まず、講師の石田智恵氏(早稲田大学法学学術院講師)より、ご自身の博士学位論文「<日系人>の生成と動態――集団カテゴリーと移民コミュニティの歴史人類学」に基づき、法学との接点から、ネイション(nation:国家)・エトニ―(ethnie:民族)、「日本人」の同一性、移民政策などについての講演があった。
「二重国籍問題」について
戦前の米国における「日系市民」問題を取り上げた。石田氏は、1924年の日本国籍法の改正において、日本国政府が二重国籍を「問題」とした理由は、国民の正当性・法的整合性に問題があったからではなく、国際情勢下におけるアメリカとの外交関係にあったこと、そのための解決策として、「二世」を法に定められない「ethnie:民族」として「日本」の名を負う「日系市民」にするという理論が立てられたことを指摘した。
「日系二世」の帰還、日本国籍の再取得について
石田氏は、「国籍法」の規定を踏まえ、「日本国籍の喪失」とは出生による日本国籍保有の事実を消すものではなく、日本国籍を保有した事実の上に国籍を喪失した事実が重ねられる、追加されるものであることを指摘した。
また、「日系人」には、母国から来日し合法的労働者として日本に在住する日本人移民の子孫も含まれる。日本国内では「日系人」という語は「定住者」という在留資格と明確に区別されず用いられることがあるが、1990年の改正入管法では「日系人」は定義されていない。
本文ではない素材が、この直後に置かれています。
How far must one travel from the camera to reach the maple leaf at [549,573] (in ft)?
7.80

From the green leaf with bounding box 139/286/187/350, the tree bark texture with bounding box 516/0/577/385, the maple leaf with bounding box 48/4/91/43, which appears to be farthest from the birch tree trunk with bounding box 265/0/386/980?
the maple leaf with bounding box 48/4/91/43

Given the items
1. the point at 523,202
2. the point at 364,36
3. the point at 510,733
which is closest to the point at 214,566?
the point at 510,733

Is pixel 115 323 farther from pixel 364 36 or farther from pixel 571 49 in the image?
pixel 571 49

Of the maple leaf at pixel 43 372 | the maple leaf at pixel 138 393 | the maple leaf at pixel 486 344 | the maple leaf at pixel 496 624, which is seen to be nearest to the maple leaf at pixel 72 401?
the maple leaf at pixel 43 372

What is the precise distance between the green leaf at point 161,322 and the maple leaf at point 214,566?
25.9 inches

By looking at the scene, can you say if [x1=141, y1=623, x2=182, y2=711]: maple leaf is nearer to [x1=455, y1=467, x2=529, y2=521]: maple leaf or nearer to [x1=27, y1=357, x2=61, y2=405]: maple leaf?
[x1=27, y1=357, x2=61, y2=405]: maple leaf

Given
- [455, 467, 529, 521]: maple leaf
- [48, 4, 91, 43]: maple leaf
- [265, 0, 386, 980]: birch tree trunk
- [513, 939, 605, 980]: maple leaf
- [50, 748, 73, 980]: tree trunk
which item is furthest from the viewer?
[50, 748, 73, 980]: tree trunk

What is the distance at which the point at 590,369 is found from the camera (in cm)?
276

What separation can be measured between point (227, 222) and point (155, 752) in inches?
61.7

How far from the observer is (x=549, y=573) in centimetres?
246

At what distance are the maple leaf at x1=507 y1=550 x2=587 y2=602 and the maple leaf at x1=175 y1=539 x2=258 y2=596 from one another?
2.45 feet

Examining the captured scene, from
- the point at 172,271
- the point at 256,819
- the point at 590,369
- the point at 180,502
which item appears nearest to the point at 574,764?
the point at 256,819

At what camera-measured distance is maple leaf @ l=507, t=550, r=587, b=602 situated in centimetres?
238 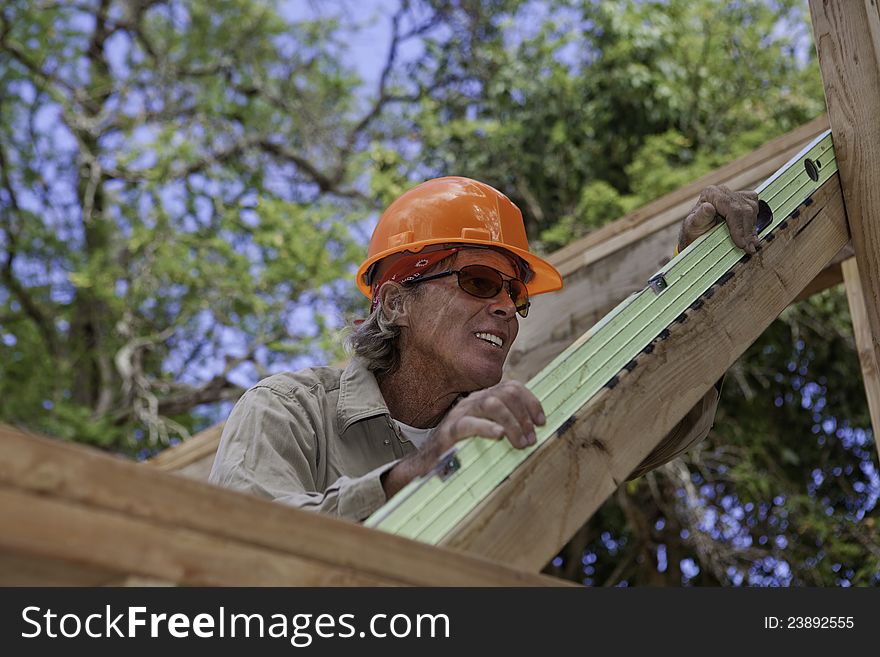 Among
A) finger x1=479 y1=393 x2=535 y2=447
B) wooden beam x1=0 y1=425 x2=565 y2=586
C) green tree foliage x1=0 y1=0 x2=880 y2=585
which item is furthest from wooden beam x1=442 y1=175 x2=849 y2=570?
green tree foliage x1=0 y1=0 x2=880 y2=585

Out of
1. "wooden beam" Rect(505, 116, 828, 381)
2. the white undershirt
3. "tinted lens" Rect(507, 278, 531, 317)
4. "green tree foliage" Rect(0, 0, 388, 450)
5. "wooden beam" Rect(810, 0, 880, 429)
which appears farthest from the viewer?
"green tree foliage" Rect(0, 0, 388, 450)

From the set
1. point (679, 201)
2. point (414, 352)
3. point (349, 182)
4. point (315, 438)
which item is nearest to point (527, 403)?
point (315, 438)

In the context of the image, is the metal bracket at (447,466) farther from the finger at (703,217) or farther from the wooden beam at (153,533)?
the finger at (703,217)

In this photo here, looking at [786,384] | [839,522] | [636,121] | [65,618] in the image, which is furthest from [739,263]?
[636,121]

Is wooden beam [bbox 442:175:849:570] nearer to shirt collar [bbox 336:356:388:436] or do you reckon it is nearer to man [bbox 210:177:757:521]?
man [bbox 210:177:757:521]

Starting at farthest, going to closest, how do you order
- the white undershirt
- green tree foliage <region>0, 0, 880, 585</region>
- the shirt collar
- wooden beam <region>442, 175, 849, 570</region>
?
green tree foliage <region>0, 0, 880, 585</region> → the white undershirt → the shirt collar → wooden beam <region>442, 175, 849, 570</region>

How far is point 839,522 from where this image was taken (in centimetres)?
560

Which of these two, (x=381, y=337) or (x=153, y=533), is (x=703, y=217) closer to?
(x=381, y=337)

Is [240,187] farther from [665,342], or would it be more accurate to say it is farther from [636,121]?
[665,342]

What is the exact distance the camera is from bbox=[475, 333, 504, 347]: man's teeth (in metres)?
2.40

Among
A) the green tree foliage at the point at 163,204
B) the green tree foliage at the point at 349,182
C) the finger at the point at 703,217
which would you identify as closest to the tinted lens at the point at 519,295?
the finger at the point at 703,217

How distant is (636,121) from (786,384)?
205 centimetres

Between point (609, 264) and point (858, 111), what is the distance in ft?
3.07

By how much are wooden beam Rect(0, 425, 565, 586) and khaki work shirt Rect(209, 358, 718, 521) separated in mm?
576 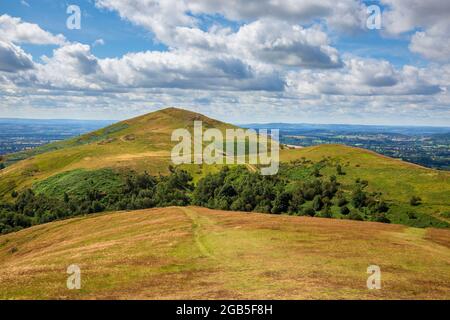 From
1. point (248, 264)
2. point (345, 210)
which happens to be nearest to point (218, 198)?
point (345, 210)

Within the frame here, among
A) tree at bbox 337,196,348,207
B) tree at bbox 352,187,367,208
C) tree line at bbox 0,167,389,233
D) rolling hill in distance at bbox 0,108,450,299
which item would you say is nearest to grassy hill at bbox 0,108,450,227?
rolling hill in distance at bbox 0,108,450,299

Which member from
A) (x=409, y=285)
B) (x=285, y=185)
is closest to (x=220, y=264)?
(x=409, y=285)

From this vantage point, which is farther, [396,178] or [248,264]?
[396,178]

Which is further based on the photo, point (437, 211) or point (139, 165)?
point (139, 165)

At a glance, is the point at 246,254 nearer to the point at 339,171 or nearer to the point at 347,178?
the point at 347,178

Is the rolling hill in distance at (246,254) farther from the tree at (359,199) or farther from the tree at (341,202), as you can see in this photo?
the tree at (359,199)

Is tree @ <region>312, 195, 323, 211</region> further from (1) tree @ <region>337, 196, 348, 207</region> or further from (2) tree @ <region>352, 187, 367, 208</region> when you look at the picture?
(2) tree @ <region>352, 187, 367, 208</region>

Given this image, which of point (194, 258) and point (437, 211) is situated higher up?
point (194, 258)

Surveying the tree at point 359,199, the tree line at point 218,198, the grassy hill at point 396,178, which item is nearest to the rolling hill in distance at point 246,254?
the tree at point 359,199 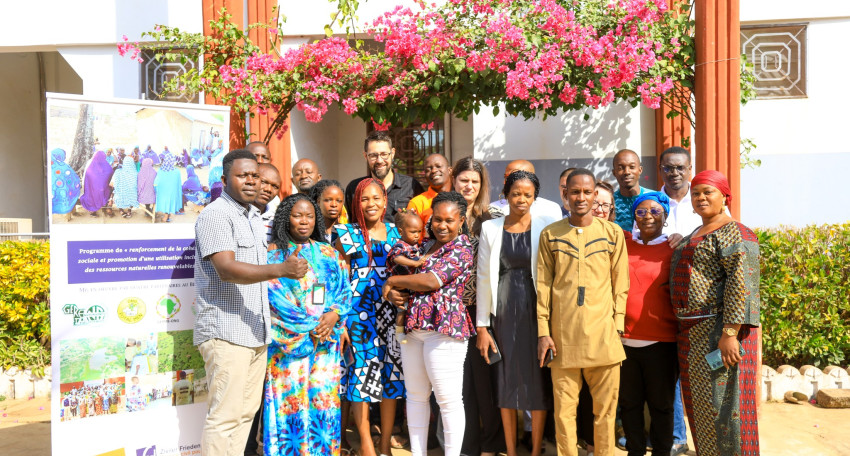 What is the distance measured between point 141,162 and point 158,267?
2.09ft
その理由について、石田氏は、日本の外国人政策は「国籍」をもとにしたものであり「人種主義」に基づいているわけではないと示すとともに、「日系人」を「外国人」の法カテゴリーに含めることを避ける意味もあったのではないか、と述べた。
最後に、石田氏は、戦後の「海外日系人」が日本国籍を持つ海外同胞という新しい「民族的日本人」に位置づけられ、戦後日本のネイションを裏付ける存在として再定義されたこと、その一方でナショナリティとは自然の領域(出自)と法の領域(国籍/市民権)だけでなく、社会という領域(歴史)によっても構成されることを指摘した。
講演に続いて、中村所長からのコメント、参加者との質疑応答があった。質疑応答では、参加した教員、大学院生からの熱心な質問に石田氏が丁寧に答えるなど大いに盛り上がりを見せ、大変有意義な講演・討論会となった。